Short text fragments from websites
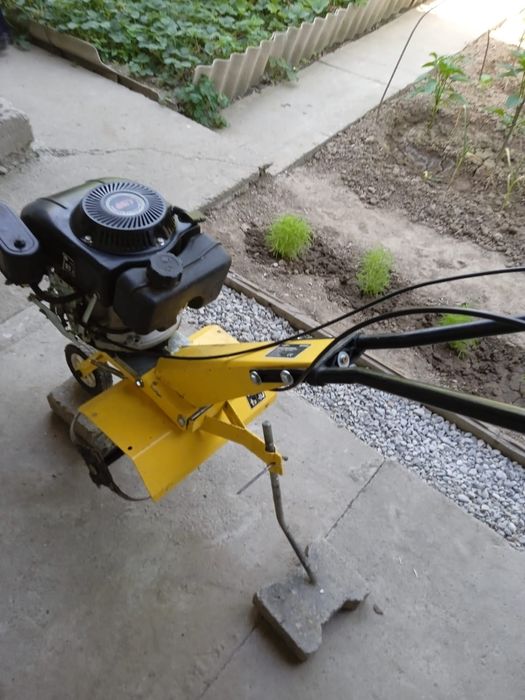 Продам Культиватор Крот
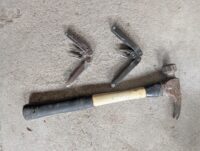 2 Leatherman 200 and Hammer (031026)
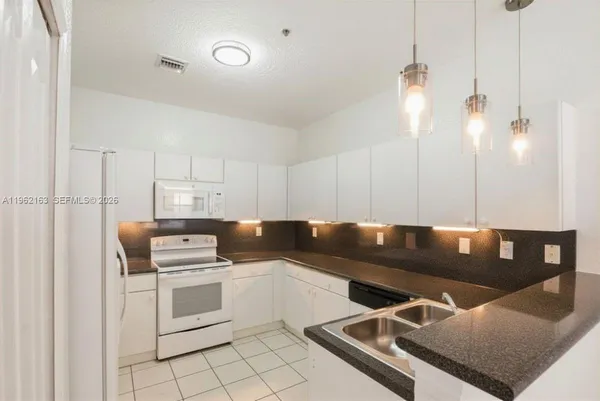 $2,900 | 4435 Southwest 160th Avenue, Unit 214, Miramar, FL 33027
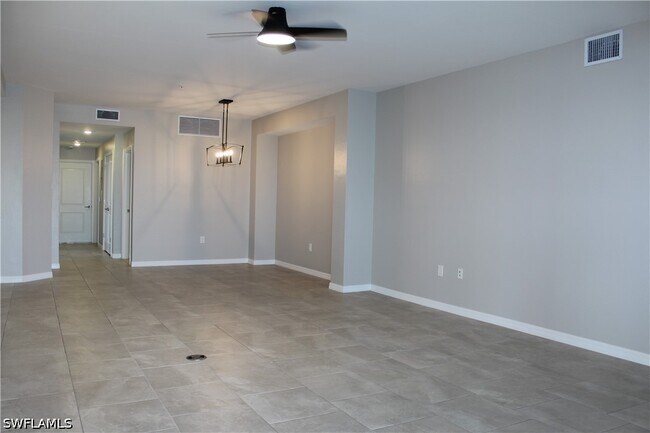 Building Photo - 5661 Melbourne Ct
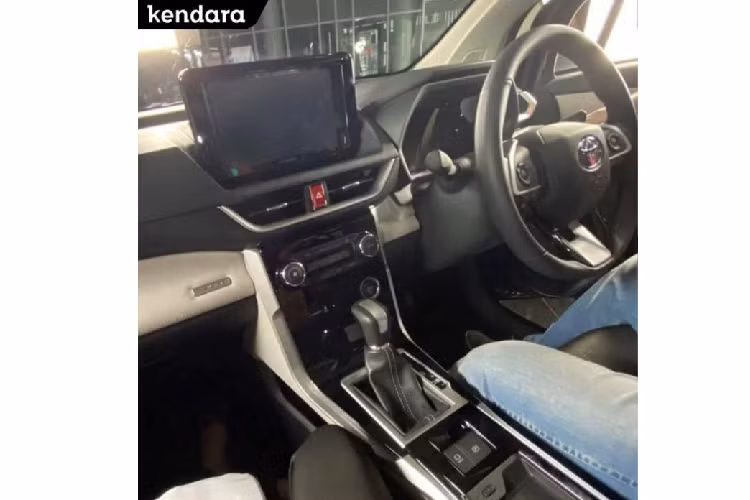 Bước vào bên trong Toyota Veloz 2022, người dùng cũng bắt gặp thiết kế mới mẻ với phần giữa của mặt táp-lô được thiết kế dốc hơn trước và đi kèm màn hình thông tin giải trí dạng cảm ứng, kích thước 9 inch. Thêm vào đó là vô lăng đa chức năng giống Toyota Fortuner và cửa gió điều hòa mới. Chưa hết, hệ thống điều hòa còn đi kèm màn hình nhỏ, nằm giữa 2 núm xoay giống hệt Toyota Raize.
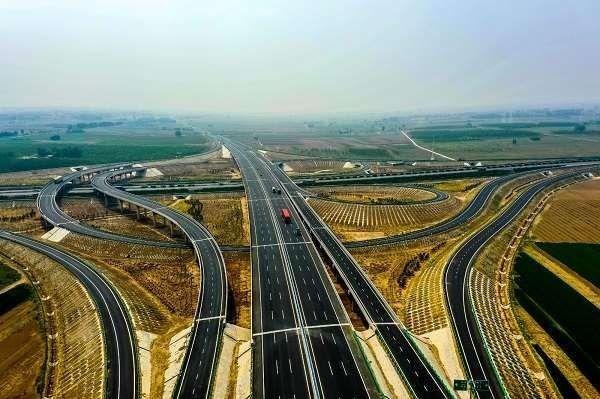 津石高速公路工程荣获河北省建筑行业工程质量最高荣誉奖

Work instructions
Write out exactly the stretch of lines that begins with the line containing "2 Leatherman 200 and Hammer (031026)" and ends with the last line of the records above, leaving out the pictures.

Written response
 2 Leatherman 200 and Hammer (031026)
 $2,900 | 4435 Southwest 160th Avenue, Unit 214, Miramar, FL 33027
 Building Photo - 5661 Melbourne Ct
 Bước vào bên trong Toyota Veloz 2022, người dùng cũng bắt gặp thiết kế mới mẻ với phần giữa của mặt táp-lô được thiết kế dốc hơn trước và đi kèm màn hình thông tin giải trí dạng cảm ứng, kích thước 9 inch. Thêm vào đó là vô lăng đa chức năng giống Toyota Fortuner và cửa gió điều hòa mới. Chưa hết, hệ thống điều hòa còn đi kèm màn hình nhỏ, nằm giữa 2 núm xoay giống hệt Toyota Raize.
 津石高速公路工程荣获河北省建筑行业工程质量最高荣誉奖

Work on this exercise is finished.